## Problem statement
The listing below must be repeated word for word, without its pictures.

## Records provided

■ ■ ■ ■

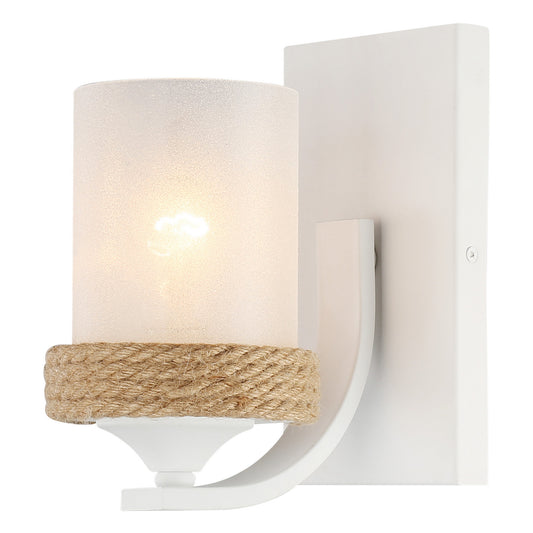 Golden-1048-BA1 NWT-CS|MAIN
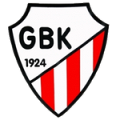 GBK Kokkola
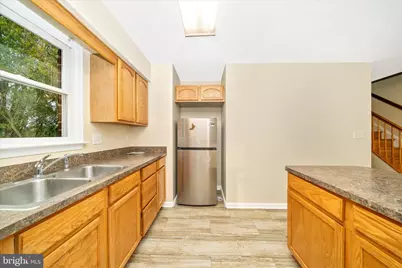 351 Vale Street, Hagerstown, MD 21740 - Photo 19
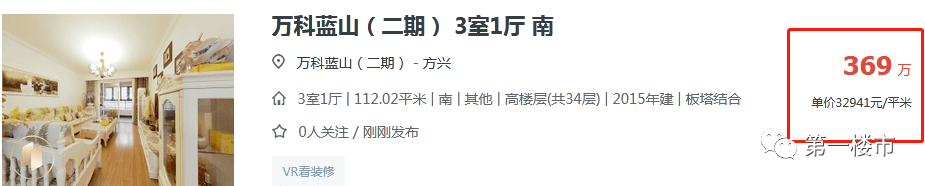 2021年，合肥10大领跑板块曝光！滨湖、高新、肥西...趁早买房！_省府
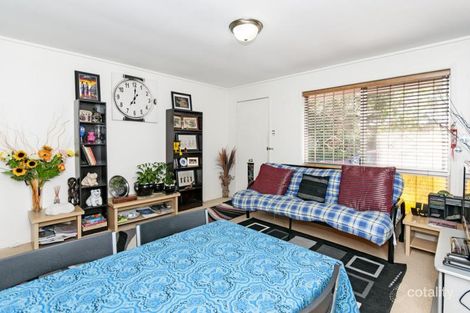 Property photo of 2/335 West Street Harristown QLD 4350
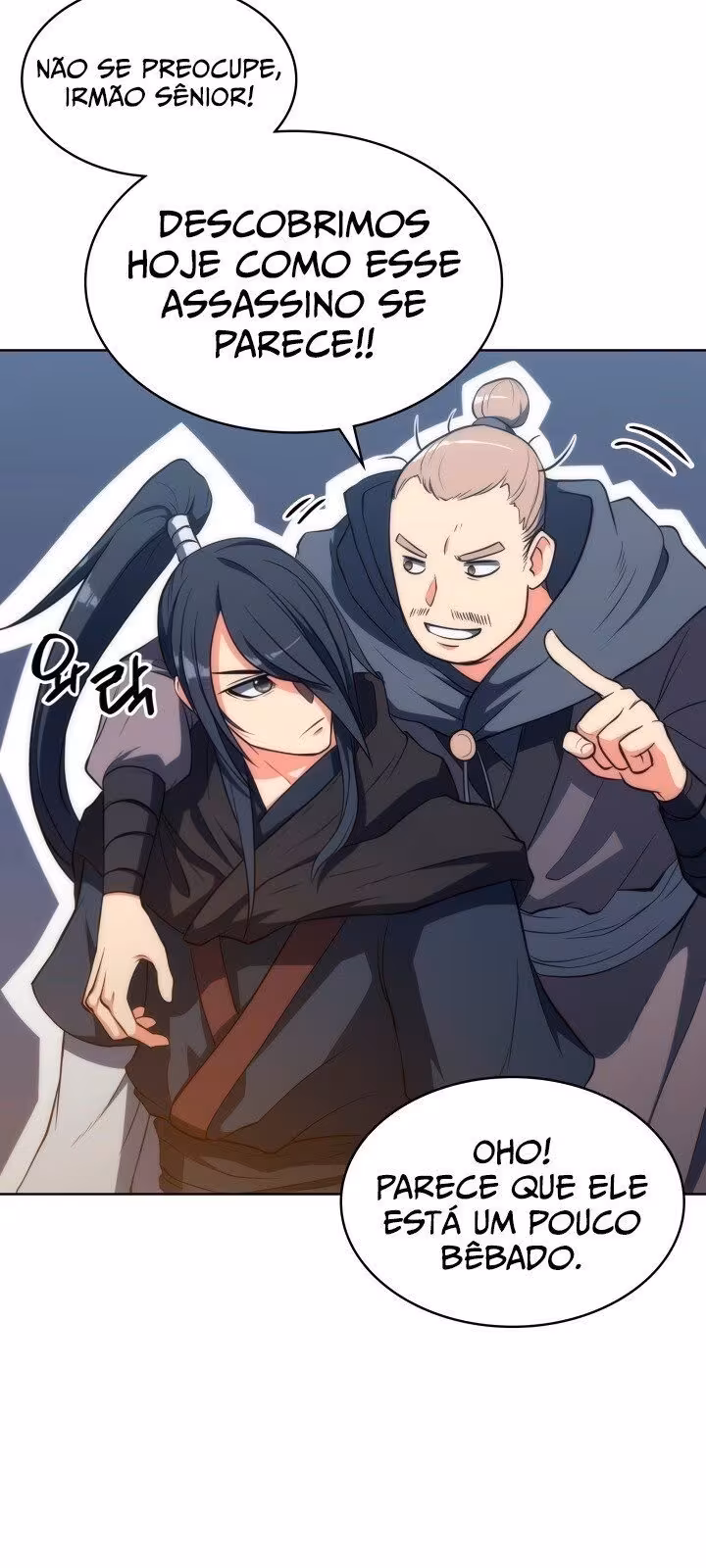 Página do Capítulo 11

■ ■ ■ ■

## Answer below
 Golden-1048-BA1 NWT-CS|MAIN
 GBK Kokkola
 351 Vale Street, Hagerstown, MD 21740 - Photo 19
 2021年，合肥10大领跑板块曝光！滨湖、高新、肥西...趁早买房！_省府
 Property photo of 2/335 West Street Harristown QLD 4350
 Página do Capítulo 11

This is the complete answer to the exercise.